Required work:
Nothing outside the stretch is wanted. Repeat exactly the lines of the listing below from the one that contains "22028171 Only &" through the one that contains "Nowy iPhone 15", both ends included.

══════

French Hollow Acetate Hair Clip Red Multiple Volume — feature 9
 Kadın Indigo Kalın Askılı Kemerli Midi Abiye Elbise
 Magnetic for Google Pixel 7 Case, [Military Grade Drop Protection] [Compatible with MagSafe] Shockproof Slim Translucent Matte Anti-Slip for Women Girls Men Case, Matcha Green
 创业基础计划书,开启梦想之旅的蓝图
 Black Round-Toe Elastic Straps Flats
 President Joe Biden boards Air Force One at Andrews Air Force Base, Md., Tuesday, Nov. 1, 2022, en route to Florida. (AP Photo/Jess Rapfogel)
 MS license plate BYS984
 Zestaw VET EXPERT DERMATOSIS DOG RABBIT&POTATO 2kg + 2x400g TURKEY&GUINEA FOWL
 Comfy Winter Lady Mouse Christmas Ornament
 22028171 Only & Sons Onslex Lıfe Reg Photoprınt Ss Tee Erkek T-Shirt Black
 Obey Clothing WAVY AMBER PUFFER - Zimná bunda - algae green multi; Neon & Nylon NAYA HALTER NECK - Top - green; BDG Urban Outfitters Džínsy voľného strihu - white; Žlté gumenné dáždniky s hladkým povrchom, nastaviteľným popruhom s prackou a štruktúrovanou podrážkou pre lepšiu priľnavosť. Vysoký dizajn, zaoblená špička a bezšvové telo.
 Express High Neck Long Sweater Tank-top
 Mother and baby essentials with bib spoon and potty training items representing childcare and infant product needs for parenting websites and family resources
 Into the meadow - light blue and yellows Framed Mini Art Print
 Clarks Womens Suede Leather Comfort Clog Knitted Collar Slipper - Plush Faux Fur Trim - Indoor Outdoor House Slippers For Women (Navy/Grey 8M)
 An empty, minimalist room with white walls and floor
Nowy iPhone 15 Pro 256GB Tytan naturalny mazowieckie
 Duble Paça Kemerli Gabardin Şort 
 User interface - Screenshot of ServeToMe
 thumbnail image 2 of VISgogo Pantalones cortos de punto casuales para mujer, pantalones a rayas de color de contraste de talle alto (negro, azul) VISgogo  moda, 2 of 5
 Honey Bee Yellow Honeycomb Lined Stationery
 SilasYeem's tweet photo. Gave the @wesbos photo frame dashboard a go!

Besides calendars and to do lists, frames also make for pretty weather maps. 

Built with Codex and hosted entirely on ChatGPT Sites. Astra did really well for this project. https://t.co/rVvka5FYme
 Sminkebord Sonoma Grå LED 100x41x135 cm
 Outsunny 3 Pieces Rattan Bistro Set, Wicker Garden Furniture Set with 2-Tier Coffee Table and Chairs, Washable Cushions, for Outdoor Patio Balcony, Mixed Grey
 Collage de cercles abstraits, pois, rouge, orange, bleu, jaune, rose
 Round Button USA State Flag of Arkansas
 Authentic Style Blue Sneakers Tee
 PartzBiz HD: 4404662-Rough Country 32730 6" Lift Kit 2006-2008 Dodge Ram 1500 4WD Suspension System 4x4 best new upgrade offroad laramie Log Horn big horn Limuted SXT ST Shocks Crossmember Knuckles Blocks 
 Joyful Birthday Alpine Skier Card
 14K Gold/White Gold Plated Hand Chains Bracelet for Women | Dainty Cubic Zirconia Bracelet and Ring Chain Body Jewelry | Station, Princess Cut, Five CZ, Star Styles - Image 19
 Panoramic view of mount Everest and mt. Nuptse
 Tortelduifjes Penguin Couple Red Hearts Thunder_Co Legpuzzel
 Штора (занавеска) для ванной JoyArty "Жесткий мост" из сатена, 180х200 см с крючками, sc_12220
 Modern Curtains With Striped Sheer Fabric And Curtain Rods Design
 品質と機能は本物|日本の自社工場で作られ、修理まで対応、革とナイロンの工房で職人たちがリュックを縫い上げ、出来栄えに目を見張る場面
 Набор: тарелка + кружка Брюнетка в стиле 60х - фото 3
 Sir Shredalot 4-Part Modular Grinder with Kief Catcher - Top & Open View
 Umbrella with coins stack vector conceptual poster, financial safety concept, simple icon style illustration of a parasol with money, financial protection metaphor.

══════

Response to the task:
 22028171 Only & Sons Onslex Lıfe Reg Photoprınt Ss Tee Erkek T-Shirt Black
 Obey Clothing WAVY AMBER PUFFER - Zimná bunda - algae green multi; Neon & Nylon NAYA HALTER NECK - Top - green; BDG Urban Outfitters Džínsy voľného strihu - white; Žlté gumenné dáždniky s hladkým povrchom, nastaviteľným popruhom s prackou a štruktúrovanou podrážkou pre lepšiu priľnavosť. Vysoký dizajn, zaoblená špička a bezšvové telo.
 Express High Neck Long Sweater Tank-top
 Mother and baby essentials with bib spoon and potty training items representing childcare and infant product needs for parenting websites and family resources
 Into the meadow - light blue and yellows Framed Mini Art Print
 Clarks Womens Suede Leather Comfort Clog Knitted Collar Slipper - Plush Faux Fur Trim - Indoor Outdoor House Slippers For Women (Navy/Grey 8M)
 An empty, minimalist room with white walls and floor
Nowy iPhone 15 Pro 256GB Tytan naturalny mazowieckie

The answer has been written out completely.